Archive for August, 2005

Ye Olde Schoole

It is once again that time of the year at which I am forced to put up with a group of flaming idiots for nine months. I gain nothing but joy from putting up with these people for extended periods of time, and I look forward to the first class of the year.

Seriously, kids, I’ve just returned from the ‘orientation’ session. Once again, a waste of my fucking time. Nothing interesting was said, and schedules were distributed. God forbit they send us the fucking pieces of paper in the mail and not waste an hour of our lives.

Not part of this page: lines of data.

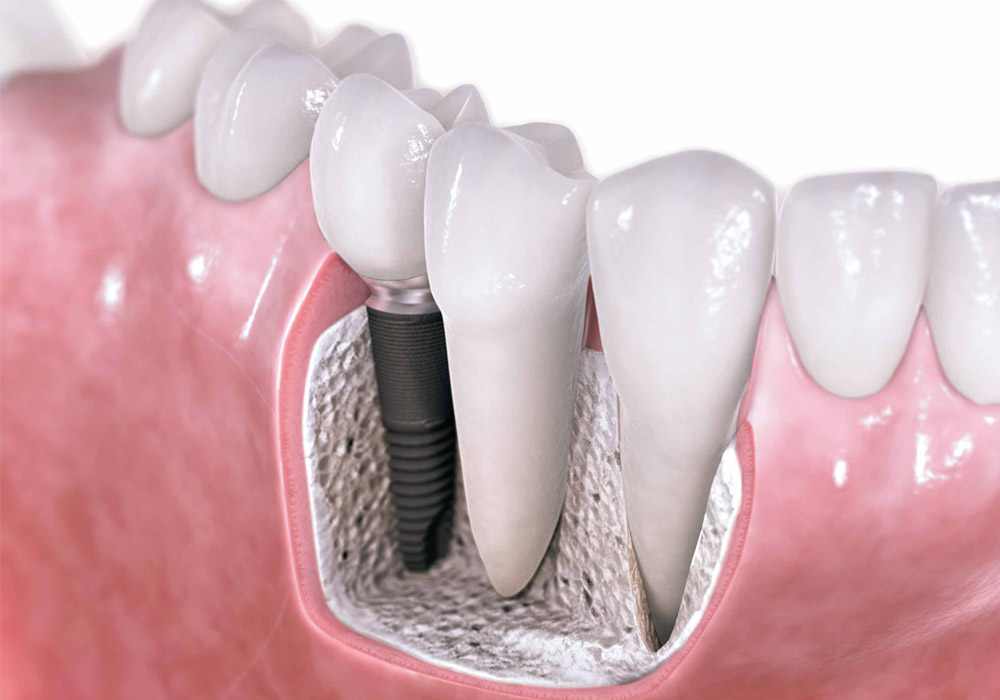 dental implants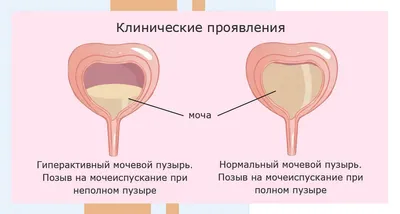 Нейрогенный мочевой пузырь: причины патологии, симптомы, диагностика и  лечение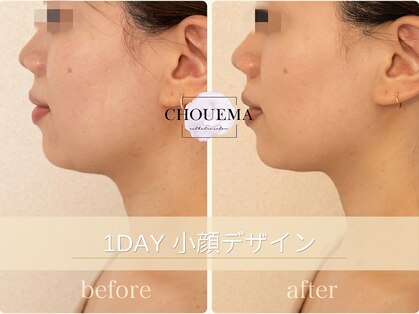シュエマ(CHOUEMA)の写真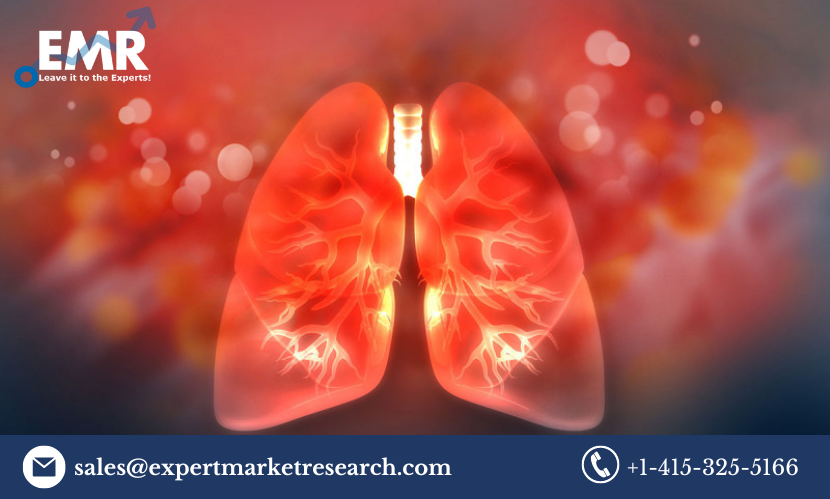 Non-Small Cell Lung Cancer Treatment Market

This year is looking pretty bleak. I’ve got my ‘Information Technology’ classes now (Programming 1 & Microsoft Office for AOIT). I bet you all know how excited I am to be taking programming one. I’m sure I’ll learn many new thin…oh wait. That’s right. I’m employed as a fucking programmer. Haha, oops.

Nothing needs to be said on Microsoft Office class. Those of you who attended St. Aedans with me will remember my infamous EFF FUCKING ONE rant.

Other classes include geometry, English, US History (I’m told Mr. Chester is fairly decent, and if he is who I think he is, I shall enjoy the class), Spanish 2, and conceptual physics.

I am considering dropping conceptual physics, though. It may be better for me to take personal finance this year and physics next year, considering that I have to file some sort of paperwork to the IRS regarding my work for DSL.net. If it cannot be done without crapping all over my schedule, then fuck it.

In other news, I shall be staying on at DSL.net for the indefinite future. Yay me!

SOAP

I spend this evening writing a webservice to display information about hosts on my LAN. Being a PHP programmer, I, of course, wrote it in PHP, using a library called NuSOAP.

SOAP is a standard for exchanging XML between a client and sever app, like XMLRPC, but a bit more complex. Basically, you send a server a specially-formated request, and it sends one back. This all happens over HTTP, so one does not have to worry about packets or anything.

After reading Scott Nichol’s great SOAP tutorials, I began tinkering around. What I came up with was a service that allows me to get my network weather, information about hosts, and the version of the webservice. I also have a ghetto-debug-client for it.

NuSOAP generated a very nice page that serves as crude documentation generated from the WSDL.

Feel free to write your own client to use the functions (don’t touch the uptime one, it’ll just give you an error), or see the one here.

You can change the URL to make calls - version for the version, info and host for the get_info, and weather (what the link links to) for network weather.

I’m going to do a few more statistics, hopefully polled live from my boxen. Once I finish OwlInfo enough for it to be useful, I’ll write a plugin for WordPress so I can show my network weather on the menu bar.

Kato

Some of you may have noticed some downtime with the fileserver, Kato, last night (which has nothing to do with the OwlManAtt.com downtime. OMA.c was down due to some technical problems at ye olde connectivity provider.). This was scheduled downtime. What did I do during the downtime?

I cleaned Kato and put a new OS on her. Like, literally, I opened the fucking box and cleaned all of the shit out. This was probably the first real cleaning Kato has ever had in god only knows how many years. And hot damn, there was a lot of dust in there.

Then I did me an Ubuntu server install. The partitioning scheme is particularly handy - 32MB for /boot on /dev/hdc, 255 MB as the first partition (physically on the outermost region of the disc), and then the rest of my 3.4 GB OS drive was turned into an LVM partition, along with the remaning 19.9 GB of Kato’s 20 GB drive.

LVM, or Linux Volume Management, is pretty cool. It allows me to dynamically resize ‘partitions’ on the fly, and have partitions span multiple physical devices.

Now, since it was a server install, I have no X and no GUI shit. So I’ve started using GNU screen and irssi. Like, really using them, not half-assed using. It’s cool.